A Positive Attitude: Patti Smardz
On December 18, 2014, exactly one week before Christmas, I was laying in a hospital bed. I couldn’t breathe. I was dizzy when I walked and exercised. I was so swollen. Doctors had already diagnosed me with systemic lupus erythematosus, asthma, and a long list of other things. Like a lot of other patients, I had tried every single inhaler out there. Nothing was helping. I knew something was wrong. This wasn’t “just asthma.”
I had a right heart catheterization that day. Shortly after, while still groggy from anesthesia, my doctor called and told me I had pulmonary hypertension (PH), and that I needed some medications immediately because my pressures were very high. I had no clue what that meant. I thought she was talking about high blood pressure and that medication would help. Then she very patiently explained to me what PH was and told me it was serious.

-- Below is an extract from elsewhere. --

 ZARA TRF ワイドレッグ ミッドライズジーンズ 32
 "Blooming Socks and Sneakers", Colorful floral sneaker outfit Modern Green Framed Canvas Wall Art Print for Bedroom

I was scared. I cried. What about my husband and my two adopted boys (who were 10 and 12 at the time)? My mom and dad? My fur-baby? My friends? How would they get by without me? I’m only 46 years old.

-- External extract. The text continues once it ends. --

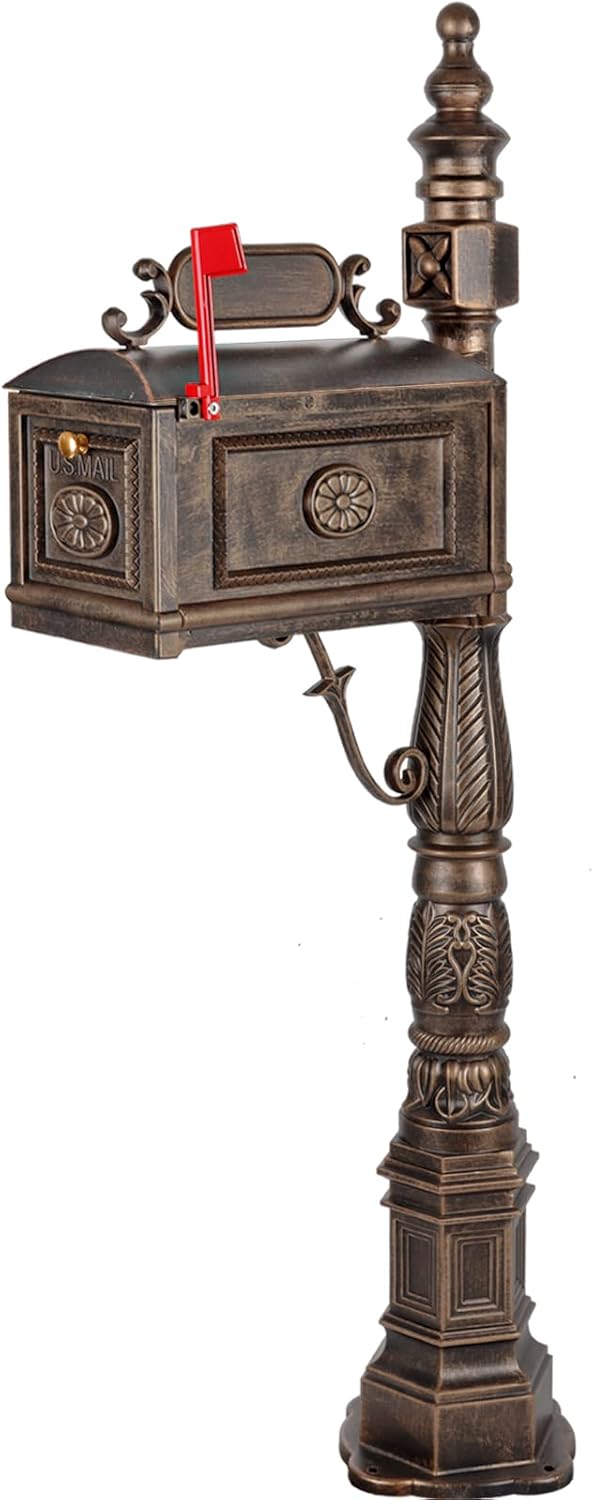 Polar Aurora Barcelona Decorative Post Mailbox Combination Stratford Heavy Duty Postal Mail Box Cast Aluminum(Black)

I was released from the hospital that day, and the first thing I did was go on the internet to find out all about PH. I wanted to find out all I could. I kept reading that prior to new medications, life expectancy was only around two to three years. Those numbers became implanted in my brain.
I began treatment with supplemental oxygen and oxygen at night. I tried a couple of medications and noticed I had started to feel better. I could walk a little farther. I could get through cooking a dinner. Laundry has always been a household chore that was tough for me, and I was able to do it with a little more ease. I started going to my local support group, and it helped to know I wasn’t alone in this battle. I’ve made some great PHriends.

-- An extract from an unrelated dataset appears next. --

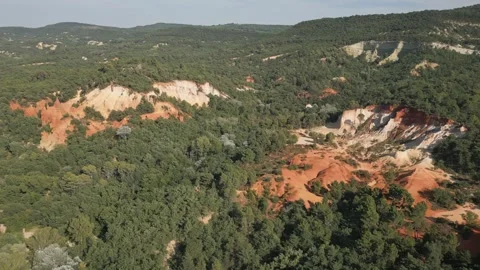 Red sands and abstract Rustrel canyon in Provencal Colorado near Roussillon Video stock 273109740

I didn’t let PH define me. I wasn’t going to let this diagnosis affect the positive attitude, happiness, and zest for life I’ve always had. I just needed to take one day at a time. After all, that’s all we can do, right? Don’t get me wrong, I have my good days and bad days, but who doesn’t? My husband and boys help me tremendously with the household chores I have difficulty with. I’m thankful for waking up every morning. I’m thankful for medications that help me. And I’m always hoping for a cure!
You know in the “Forrest Gump” movie when Forrest says, “Mama always says, ‘Life is like a box of chocolates, ya never know what you’re gonna get.’”? Well, I believe it’s true, and my sweet mama told me to always have things to look forward to, like the PH conference coming up soon. I’m very excited to meet new people and get new information about PH. I’m also looking forward to meeting my #LetMeBeYourLungs athlete.
I am enjoying life’s little things and am focusing on more of what I can do with this disease instead of what I can’t do. I may not be as strong physically anymore and may not do the things I used to do easily, but I’m breathing, and I will never take that for granted for the rest of my life.